The world economy is in complete disarray. The US and Eurozone are buried under debt. Emerging market economies like India and China too are losing steam. While China posted its lowest ever growth in 2012 since the last 12-13 years, India is mired by the demon of inflation. So, what exactly is needed to bring the world economy out from the mess that it is in currently?
Prudent policy making is the need of the hour. But since the last 2-3 years, policy to keep interest rates near zero in order to boost the economy in the West has hardly had any results. The West has witnessed various bond buying programs by their respective central banks which pumped trillions of dollars of cheap money into the system. However, it has hardly had any impact. In fact, since the consumer confidence is low, the velocity of money is very low. As such, cheap liquidity is unable to bring the economy back on tracks.

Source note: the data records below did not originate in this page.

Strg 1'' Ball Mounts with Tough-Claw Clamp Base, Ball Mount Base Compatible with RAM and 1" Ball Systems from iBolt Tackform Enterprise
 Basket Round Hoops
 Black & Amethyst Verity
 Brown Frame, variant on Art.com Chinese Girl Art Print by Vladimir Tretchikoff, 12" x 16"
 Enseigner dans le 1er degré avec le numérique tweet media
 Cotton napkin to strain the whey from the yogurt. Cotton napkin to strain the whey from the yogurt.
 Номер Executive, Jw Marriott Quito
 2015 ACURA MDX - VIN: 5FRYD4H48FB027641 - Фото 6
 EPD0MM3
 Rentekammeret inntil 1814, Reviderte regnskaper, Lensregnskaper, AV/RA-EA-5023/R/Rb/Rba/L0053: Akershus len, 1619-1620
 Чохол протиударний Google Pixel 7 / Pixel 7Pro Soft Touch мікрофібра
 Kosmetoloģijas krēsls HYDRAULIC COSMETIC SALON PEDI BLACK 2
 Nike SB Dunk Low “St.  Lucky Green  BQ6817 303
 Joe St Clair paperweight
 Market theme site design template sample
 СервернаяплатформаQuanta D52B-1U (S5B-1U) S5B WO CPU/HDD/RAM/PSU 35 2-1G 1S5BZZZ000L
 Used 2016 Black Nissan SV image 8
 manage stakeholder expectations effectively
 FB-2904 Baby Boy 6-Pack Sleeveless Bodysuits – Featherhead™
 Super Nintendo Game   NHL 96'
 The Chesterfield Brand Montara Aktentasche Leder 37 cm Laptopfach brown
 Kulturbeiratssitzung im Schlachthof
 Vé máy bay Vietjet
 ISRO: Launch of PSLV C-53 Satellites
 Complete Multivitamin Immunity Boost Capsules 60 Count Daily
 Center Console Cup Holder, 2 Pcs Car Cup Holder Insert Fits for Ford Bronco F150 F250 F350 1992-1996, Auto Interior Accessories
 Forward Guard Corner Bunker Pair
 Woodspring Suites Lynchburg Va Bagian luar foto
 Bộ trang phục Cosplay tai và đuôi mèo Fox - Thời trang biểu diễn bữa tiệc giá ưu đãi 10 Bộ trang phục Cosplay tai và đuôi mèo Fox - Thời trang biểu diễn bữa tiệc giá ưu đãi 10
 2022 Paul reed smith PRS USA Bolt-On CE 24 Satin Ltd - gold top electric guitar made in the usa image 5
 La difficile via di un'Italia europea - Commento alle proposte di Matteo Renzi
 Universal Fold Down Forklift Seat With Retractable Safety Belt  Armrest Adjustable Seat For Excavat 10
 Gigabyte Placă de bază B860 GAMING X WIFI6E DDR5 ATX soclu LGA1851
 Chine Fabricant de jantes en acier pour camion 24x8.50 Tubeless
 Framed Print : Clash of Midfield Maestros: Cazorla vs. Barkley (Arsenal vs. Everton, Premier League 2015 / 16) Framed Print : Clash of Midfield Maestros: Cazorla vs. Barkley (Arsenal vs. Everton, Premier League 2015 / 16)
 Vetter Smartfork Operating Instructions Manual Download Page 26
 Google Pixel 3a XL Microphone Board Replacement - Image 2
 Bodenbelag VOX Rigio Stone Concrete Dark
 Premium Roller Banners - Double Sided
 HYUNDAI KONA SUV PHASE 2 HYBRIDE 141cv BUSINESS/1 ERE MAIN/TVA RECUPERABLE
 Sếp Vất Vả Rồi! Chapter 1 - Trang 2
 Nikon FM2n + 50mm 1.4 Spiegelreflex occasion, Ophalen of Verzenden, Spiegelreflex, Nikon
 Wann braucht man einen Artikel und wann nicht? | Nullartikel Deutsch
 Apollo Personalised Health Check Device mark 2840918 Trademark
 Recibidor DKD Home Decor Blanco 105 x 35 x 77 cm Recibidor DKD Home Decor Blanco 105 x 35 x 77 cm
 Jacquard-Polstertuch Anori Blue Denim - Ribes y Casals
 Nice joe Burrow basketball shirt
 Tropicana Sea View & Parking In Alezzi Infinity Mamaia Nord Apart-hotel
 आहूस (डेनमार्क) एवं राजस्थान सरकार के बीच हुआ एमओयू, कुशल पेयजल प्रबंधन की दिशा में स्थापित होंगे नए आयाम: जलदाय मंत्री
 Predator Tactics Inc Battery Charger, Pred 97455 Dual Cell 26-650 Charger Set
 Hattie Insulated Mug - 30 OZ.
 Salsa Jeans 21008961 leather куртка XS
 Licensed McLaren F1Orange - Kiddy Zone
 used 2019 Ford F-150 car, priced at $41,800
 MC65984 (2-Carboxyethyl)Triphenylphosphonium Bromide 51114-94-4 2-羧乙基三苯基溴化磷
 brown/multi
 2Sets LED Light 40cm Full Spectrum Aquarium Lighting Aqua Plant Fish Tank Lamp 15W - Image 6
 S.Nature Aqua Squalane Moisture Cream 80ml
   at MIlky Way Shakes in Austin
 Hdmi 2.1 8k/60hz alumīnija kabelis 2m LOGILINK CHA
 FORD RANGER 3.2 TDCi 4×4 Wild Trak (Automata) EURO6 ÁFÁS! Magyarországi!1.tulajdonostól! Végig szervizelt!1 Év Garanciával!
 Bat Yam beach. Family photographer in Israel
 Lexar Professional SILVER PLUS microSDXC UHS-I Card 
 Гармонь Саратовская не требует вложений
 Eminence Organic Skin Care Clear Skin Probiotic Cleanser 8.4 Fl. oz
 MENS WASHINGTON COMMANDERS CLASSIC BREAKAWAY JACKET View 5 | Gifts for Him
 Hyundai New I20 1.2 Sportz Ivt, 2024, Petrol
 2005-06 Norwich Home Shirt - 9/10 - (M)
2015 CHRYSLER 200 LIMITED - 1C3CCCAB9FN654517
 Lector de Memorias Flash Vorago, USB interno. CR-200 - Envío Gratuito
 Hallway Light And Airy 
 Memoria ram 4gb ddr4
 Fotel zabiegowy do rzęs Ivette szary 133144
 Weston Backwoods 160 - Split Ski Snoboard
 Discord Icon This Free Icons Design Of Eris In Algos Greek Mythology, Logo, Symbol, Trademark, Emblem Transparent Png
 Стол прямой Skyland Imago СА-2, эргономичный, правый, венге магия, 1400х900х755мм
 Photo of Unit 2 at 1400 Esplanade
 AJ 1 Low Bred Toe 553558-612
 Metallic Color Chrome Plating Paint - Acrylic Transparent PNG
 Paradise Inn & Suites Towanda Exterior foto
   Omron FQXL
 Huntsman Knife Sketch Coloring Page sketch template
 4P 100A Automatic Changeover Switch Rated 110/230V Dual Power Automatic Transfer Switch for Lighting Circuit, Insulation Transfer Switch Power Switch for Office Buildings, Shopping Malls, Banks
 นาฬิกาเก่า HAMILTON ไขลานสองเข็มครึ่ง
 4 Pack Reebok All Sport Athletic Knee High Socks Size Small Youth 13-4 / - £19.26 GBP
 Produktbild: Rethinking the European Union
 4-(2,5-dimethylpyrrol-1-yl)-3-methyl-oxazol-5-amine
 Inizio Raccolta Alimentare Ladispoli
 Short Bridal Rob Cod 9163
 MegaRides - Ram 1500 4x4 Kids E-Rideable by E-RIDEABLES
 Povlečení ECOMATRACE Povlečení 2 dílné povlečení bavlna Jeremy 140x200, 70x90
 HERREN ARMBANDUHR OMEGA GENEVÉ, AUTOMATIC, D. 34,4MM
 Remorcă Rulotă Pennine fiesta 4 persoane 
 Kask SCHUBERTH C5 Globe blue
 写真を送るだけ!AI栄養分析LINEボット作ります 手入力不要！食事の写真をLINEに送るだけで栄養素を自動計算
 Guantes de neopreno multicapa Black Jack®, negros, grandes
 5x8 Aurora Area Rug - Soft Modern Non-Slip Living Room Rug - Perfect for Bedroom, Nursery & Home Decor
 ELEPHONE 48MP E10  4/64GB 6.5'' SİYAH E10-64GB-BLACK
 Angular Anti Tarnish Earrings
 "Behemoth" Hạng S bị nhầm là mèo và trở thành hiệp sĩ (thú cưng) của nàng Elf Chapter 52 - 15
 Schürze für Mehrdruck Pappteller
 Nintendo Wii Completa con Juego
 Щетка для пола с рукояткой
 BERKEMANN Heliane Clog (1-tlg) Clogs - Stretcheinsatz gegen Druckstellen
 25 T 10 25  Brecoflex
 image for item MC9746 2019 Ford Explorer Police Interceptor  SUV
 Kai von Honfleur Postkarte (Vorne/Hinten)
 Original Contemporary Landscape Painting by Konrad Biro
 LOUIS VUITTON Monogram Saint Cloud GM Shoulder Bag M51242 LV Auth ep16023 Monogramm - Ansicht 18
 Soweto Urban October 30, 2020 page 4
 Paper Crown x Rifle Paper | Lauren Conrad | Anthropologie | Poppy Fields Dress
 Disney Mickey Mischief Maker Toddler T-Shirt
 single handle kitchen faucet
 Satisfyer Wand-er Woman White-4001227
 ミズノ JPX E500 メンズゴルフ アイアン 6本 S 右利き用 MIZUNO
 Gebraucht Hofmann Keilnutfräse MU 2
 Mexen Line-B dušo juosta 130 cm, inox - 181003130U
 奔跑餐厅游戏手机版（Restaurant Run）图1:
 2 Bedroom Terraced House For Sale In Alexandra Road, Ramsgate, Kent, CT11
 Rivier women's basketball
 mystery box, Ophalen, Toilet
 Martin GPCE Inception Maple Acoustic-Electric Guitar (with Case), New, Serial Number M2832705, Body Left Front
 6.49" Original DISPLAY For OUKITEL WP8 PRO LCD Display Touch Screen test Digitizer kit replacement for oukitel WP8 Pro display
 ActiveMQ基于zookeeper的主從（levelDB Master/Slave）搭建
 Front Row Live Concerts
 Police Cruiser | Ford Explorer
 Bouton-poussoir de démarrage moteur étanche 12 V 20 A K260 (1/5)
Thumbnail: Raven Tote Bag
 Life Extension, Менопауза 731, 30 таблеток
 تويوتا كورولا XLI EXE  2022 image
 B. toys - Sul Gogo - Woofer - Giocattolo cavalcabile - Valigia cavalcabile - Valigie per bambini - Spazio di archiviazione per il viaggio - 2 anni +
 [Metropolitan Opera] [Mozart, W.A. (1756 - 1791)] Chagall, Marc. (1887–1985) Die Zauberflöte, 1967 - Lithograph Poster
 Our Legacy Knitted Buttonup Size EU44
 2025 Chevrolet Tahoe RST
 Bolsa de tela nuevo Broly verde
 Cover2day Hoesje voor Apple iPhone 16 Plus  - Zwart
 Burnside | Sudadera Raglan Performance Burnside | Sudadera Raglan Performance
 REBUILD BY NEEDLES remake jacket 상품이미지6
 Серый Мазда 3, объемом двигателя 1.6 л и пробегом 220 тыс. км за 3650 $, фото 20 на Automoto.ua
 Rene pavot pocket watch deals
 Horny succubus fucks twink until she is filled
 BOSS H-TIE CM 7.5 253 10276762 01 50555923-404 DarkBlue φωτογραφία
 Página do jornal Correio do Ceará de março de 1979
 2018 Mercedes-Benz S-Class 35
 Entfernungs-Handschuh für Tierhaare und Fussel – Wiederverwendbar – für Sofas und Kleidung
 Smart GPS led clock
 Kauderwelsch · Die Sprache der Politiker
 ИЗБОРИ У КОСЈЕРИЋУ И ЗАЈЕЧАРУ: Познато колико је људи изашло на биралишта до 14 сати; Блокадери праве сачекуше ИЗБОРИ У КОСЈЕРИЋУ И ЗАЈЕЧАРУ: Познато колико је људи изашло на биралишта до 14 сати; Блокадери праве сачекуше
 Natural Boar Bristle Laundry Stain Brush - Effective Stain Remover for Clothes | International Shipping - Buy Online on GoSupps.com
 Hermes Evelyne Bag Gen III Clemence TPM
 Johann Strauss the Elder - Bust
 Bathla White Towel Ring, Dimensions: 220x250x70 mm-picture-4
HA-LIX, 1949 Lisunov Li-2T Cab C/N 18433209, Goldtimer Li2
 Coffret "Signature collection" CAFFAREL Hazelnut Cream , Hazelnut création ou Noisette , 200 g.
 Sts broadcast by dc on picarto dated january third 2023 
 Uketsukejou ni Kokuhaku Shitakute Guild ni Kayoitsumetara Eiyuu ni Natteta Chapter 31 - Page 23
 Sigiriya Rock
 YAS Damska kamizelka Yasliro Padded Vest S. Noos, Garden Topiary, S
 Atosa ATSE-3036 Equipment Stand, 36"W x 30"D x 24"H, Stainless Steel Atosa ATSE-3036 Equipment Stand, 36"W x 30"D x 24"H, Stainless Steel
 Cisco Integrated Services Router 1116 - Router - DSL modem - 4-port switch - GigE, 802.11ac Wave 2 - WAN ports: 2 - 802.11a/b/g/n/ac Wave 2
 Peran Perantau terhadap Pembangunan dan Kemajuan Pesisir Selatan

If the near zero interest rate policy is not working, central bankers should look out for other policies that can help revive the economy. For instance, India has eased its foreign investment restrictions in certain sectors to attract capital for growth. But it may be noted that in India's case capital is chasing growth. And considering that growth rate in the developed world is below par the theory of cheap money created by their central banks to uplift their growth will not bear fruit.
For effective policy making, first one needs to understand the problem that is hurting growth. For instance, one problem that is hindering growth in the developed world is unemployment. Hence, effectively there should be policies that help eradicate unemployment and create jobs for the youth.
Another problem facing the developed world is low consumer confidence. And that can build only when the consumer has faith in the economy and its long term prospects. Only then will consumer spending increase and improve the growth rates. Strengthening the risk management systems will also ensure that the banking crisis which led to the recession does not repeat in future.
In a nutshell, it is clear that cheap monetary policies have not had the desired results so far. But the problem is developed world has no other means at hand to pull out the economy from the current crisis either. It cannot increase government spending to boost growth as these economies are already under huge fiscal burdens. In fact, some are considering automatic budget cuts to rein in their huge deficits. Implementing tax cuts to increase disposable income in the hands of consumer is also out of question.
Overall, it seems that cheap liquidity is the only solution to bring the developed economies back on track. And the problem is that this solution has not brought any desired results up till now and can lead to further problems like excessive inflation and depreciating currency values.